**Task description**. Under this line sits a listing. Repeat exactly and only its lines from the one holding "Gorgeous aussiedoodle available" through the one holding "تایبری Tayberry"; skip pictures.

*** Opening of Supplied information ***

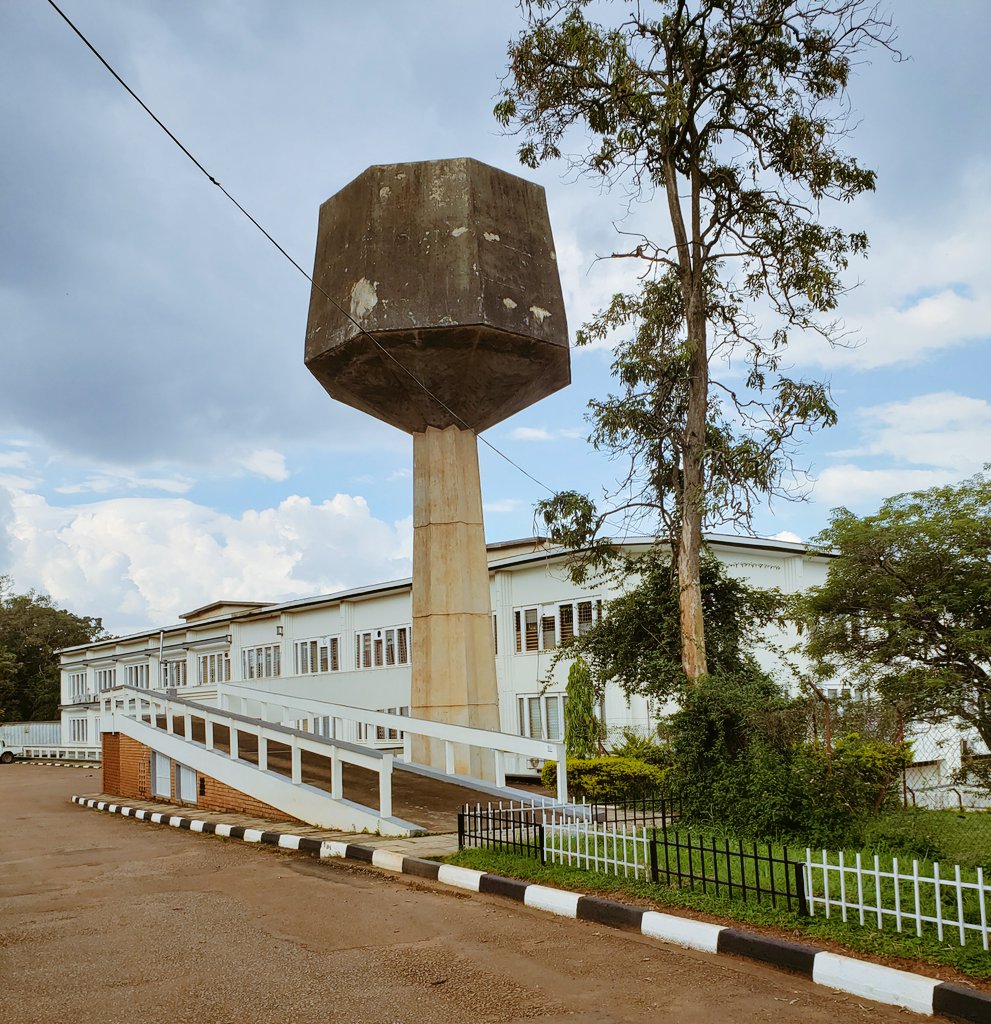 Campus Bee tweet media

*** Close of Supplied information ***
*** Opening of Supplied information ***

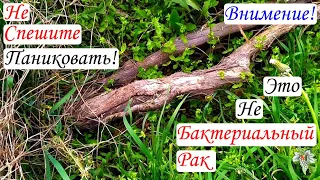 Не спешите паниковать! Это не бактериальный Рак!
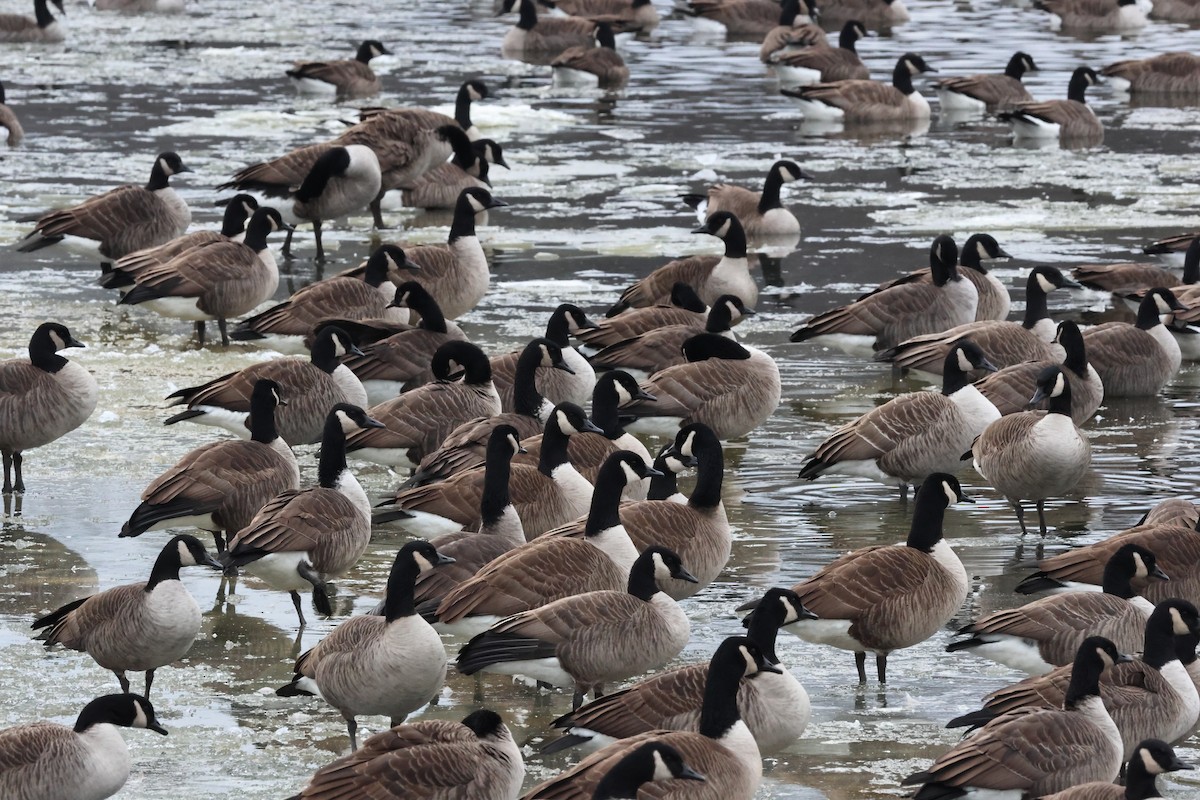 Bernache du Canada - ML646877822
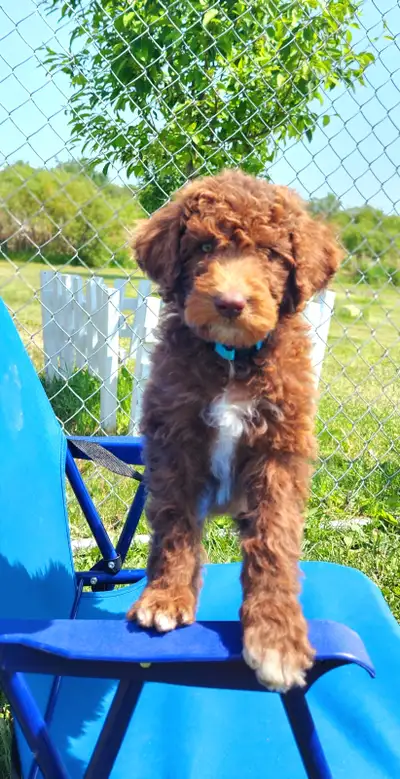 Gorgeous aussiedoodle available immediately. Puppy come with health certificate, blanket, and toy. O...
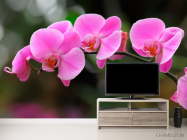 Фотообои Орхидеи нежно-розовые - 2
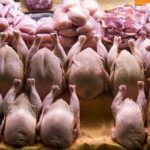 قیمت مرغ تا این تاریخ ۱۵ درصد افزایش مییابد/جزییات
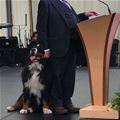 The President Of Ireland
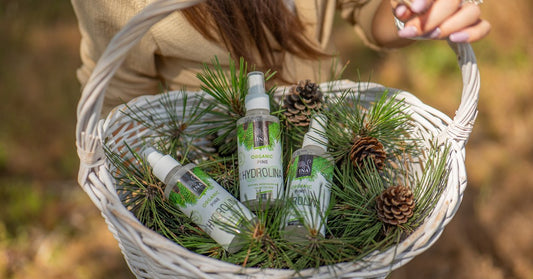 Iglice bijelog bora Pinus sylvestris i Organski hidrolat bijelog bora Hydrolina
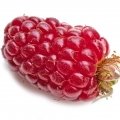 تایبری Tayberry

*** Close of Supplied information ***

**Solution to the exercise**.
 Gorgeous aussiedoodle available immediately. Puppy come with health certificate, blanket, and toy. O...
 Фотообои Орхидеи нежно-розовые - 2
 قیمت مرغ تا این تاریخ ۱۵ درصد افزایش مییابد/جزییات
 The President Of Ireland
 Iglice bijelog bora Pinus sylvestris i Organski hidrolat bijelog bora Hydrolina
 تایبری Tayberry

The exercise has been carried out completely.